[Start of Attachment]

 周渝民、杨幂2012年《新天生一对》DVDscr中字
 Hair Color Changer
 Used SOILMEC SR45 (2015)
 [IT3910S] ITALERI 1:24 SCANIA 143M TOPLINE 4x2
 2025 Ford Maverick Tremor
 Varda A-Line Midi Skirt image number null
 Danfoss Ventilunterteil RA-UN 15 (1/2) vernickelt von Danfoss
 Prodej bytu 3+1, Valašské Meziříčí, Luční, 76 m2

[End of Attachment]
[Start of Attachment]

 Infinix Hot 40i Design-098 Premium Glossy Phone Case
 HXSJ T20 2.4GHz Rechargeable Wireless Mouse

[End of Attachment]

▶ [Brief]: Look back at the data above. Transcribe exactly the lines starting at the line that contains "Infinix Hot 40i" and ending at the line that contains "HXSJ T20 2.4GHz Rechargeable Wireless Mouse".

▶ [Solution]:
 Infinix Hot 40i Design-098 Premium Glossy Phone Case
 HXSJ T20 2.4GHz Rechargeable Wireless Mouse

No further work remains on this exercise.